1 files changed, 8 insertions, 17 deletions
diff --git a/Documentation/mm/hmm.rst b/Documentation/mm/hmm.rst
index 9aa512c3a12c..7d61b7a8b65b 100644
--- a/Documentation/mm/hmm.rst
+++ b/Documentation/mm/hmm.rst
@@ -66,7 +66,7 @@ combinatorial explosion in the library entry points.
 Finally, with the advance of high level language constructs (in C++ but in
 other languages too) it is now possible for the compiler to leverage GPUs and
 other devices without programmer knowledge. Some compiler identified patterns
-are only do-able with a shared address space. It is also more reasonable to use
+are only doable with a shared address space. It is also more reasonable to use
 a shared address space for all other patterns.
 
 
@@ -163,16 +163,7 @@ use::
 
 It will trigger a page fault on missing or read-only entries if write access is
 requested (see below). Page faults use the generic mm page fault code path just
-like a CPU page fault.
-
-Both functions copy CPU page table entries into their pfns array argument. Each
-entry in that array corresponds to an address in the virtual range. HMM
-provides a set of flags to help the driver identify special CPU page table
-entries.
-
-Locking within the sync_cpu_device_pagetables() callback is the most important
-aspect the driver must respect in order to keep things properly synchronized.
-The usage pattern is::
+like a CPU page fault. The usage pattern is::
 
  int driver_populate_range(...)
  {
@@ -276,7 +267,7 @@ functions are designed to make drivers easier to write and to centralize common
 code across drivers.
 
 Before migrating pages to device private memory, special device private
-``struct page`` need to be created. These will be used as special "swap"

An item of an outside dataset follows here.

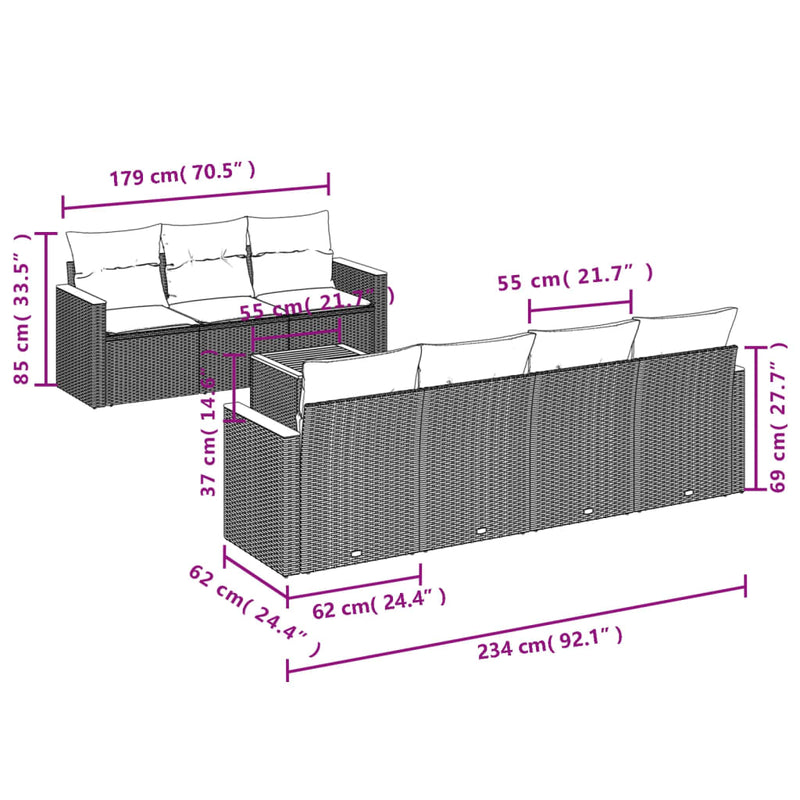 8 Piece Garden Sofa Set with Cushions Black Poly Rattan Payday Deals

+``struct page`` needs to be created. These will be used as special "swap"
 page table entries so that a CPU process will fault if it tries to access
 a page that has been migrated to device private memory.
 
@@ -331,7 +322,7 @@ between device driver specific code and shared common code:
    The ``invalidate_range_start()`` callback is passed a
    ``struct mmu_notifier_range`` with the ``event`` field set to
    ``MMU_NOTIFY_MIGRATE`` and the ``owner`` field set to
-   the ``args->pgmap_owner`` field passed to migrate_vma_setup(). This is
+   the ``args->pgmap_owner`` field passed to migrate_vma_setup(). This
    allows the device driver to skip the invalidation callback and only
    invalidate device private MMU mappings that are actually migrating.
    This is explained more in the next section.

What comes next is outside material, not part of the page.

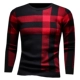Áo len nam phong cách Anh kẻ sọc đỏ jacquard slim slim trẻ trung hoang dã dòng áo len mùa thu 2019 - Cặp đôi áo len thời trang nam Cặp đôi áo len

@@ -409,15 +400,15 @@ Exclusive access memory
 Some devices have features such as atomic PTE bits that can be used to implement
 atomic access to system memory. To support atomic operations to a shared virtual
 memory page such a device needs access to that page which is exclusive of any
-userspace access from the CPU. The ``make_device_exclusive_range()`` function
+userspace access from the CPU. The ``make_device_exclusive()`` function
 can be used to make a memory range inaccessible from userspace.
 
 This replaces all mappings for pages in the given range with special swap
 entries. Any attempt to access the swap entry results in a fault which is
-resovled by replacing the entry with the original mapping. A driver gets
+resolved by replacing the entry with the original mapping. A driver gets
 notified that the mapping has been changed by MMU notifiers, after which point
 it will no longer have exclusive access to the page. Exclusive access is
-guranteed to last until the driver drops the page lock and page reference, at
+guaranteed to last until the driver drops the page lock and page reference, at
 which point any CPU faults on the page may proceed as described.
 
 Memory cgroup (memcg) and rss accounting
@@ -440,7 +431,7 @@ Same decision was made for memory cgroup. Device memory pages are accounted
 against same memory cgroup a regular page would be accounted to. This does
 simplify migration to and from device memory. This also means that migration
 back from device memory to regular memory cannot fail because it would
-go above memory cgroup limit. We might revisit this choice latter on once we
+go above memory cgroup limit. We might revisit this choice later on once we
 get more experience in how device memory is used and its impact on memory
 resource control.